**INPUT**

++++++++++

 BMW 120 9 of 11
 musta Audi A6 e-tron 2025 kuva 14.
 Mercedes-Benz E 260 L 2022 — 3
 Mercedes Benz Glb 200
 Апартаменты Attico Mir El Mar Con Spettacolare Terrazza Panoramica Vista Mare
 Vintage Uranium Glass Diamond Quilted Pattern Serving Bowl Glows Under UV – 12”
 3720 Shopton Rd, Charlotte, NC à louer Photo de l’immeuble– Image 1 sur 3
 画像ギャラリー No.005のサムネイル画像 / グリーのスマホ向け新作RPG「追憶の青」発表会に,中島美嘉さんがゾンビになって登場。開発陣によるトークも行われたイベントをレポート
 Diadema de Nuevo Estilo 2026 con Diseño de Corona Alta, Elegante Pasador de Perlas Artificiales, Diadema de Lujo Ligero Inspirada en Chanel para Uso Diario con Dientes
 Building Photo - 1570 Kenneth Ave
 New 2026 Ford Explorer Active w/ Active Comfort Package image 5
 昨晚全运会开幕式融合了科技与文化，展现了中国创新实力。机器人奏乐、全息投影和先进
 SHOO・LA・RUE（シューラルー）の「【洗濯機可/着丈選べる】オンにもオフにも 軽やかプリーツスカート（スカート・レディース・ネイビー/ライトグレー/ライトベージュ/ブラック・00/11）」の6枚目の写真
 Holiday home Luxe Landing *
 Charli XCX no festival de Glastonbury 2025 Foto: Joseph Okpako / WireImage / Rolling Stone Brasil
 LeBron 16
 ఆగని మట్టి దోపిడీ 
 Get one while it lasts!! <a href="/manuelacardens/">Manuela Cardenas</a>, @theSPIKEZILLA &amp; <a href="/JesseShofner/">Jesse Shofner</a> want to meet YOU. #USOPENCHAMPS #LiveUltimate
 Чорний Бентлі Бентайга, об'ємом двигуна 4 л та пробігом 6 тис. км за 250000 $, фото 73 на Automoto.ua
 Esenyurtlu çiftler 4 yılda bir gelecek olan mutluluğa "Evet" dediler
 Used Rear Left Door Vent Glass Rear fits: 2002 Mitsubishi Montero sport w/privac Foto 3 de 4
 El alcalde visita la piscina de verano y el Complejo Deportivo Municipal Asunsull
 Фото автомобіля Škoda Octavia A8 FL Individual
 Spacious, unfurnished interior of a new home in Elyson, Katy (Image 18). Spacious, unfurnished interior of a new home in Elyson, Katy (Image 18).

++++++++++

**YOUR GOAL**
Begin with the line that has "SHOO・LA・RUE（シュ" in the listing above and end after the line that has "Get one while"; output those lines exactly.

**EXPECTED ANSWER**
 SHOO・LA・RUE（シューラルー）の「【洗濯機可/着丈選べる】オンにもオフにも 軽やかプリーツスカート（スカート・レディース・ネイビー/ライトグレー/ライトベージュ/ブラック・00/11）」の6枚目の写真
 Holiday home Luxe Landing *
 Charli XCX no festival de Glastonbury 2025 Foto: Joseph Okpako / WireImage / Rolling Stone Brasil
 LeBron 16
 ఆగని మట్టి దోపిడీ 
 Get one while it lasts!! <a href="/manuelacardens/">Manuela Cardenas</a>, @theSPIKEZILLA &amp; <a href="/JesseShofner/">Jesse Shofner</a> want to meet YOU. #USOPENCHAMPS #LiveUltimate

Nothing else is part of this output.